··· Records for the task

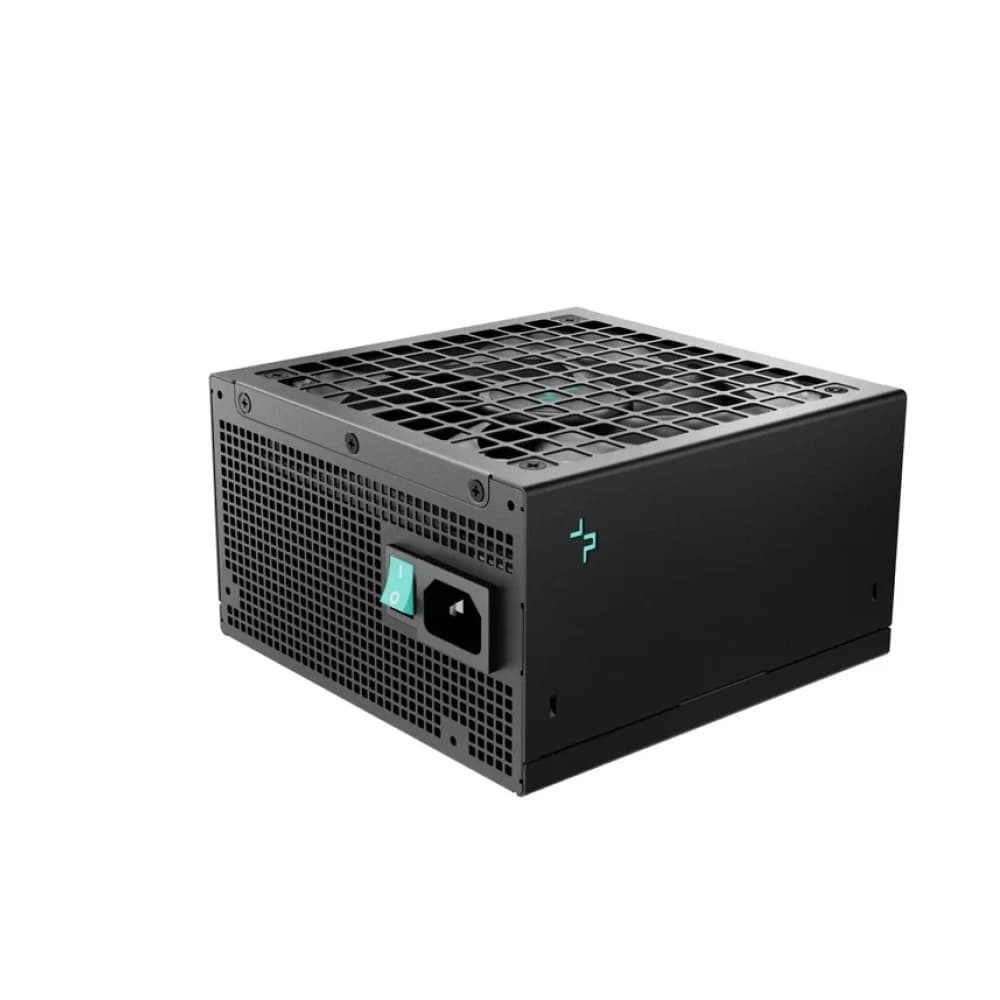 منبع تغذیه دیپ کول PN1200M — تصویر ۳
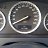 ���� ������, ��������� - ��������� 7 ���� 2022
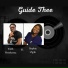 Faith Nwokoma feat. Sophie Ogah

······
··· Records for the task

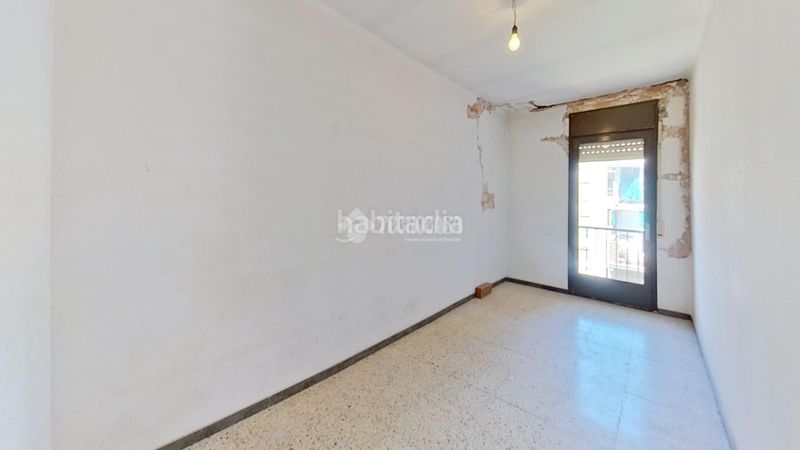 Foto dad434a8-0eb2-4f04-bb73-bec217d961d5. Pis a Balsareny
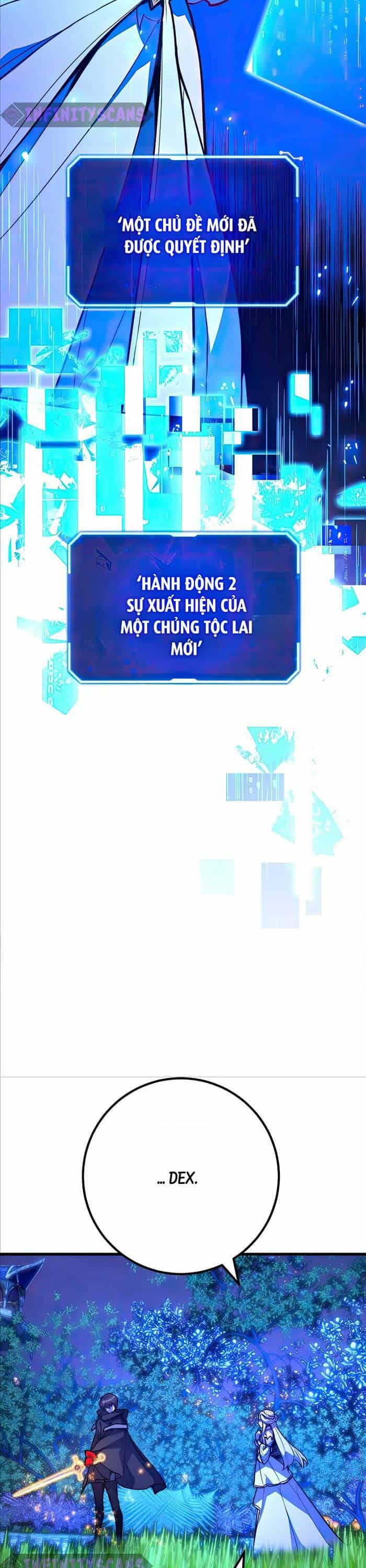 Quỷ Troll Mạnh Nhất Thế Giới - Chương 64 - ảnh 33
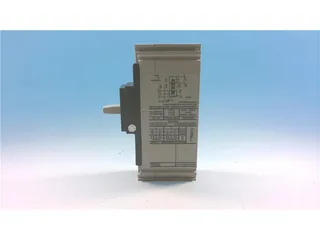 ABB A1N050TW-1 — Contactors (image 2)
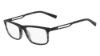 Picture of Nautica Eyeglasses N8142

······

### Problem details
Using the records above, return verbatim only the part that opens with the line containing "ABB A1N050TW-1 — Contactors (image 2)" and closes with the line containing "Picture of Nautica Eyeglasses N8142"; pictures stay out.

### Result for this exercise
 ABB A1N050TW-1 — Contactors (image 2)
 Picture of Nautica Eyeglasses N8142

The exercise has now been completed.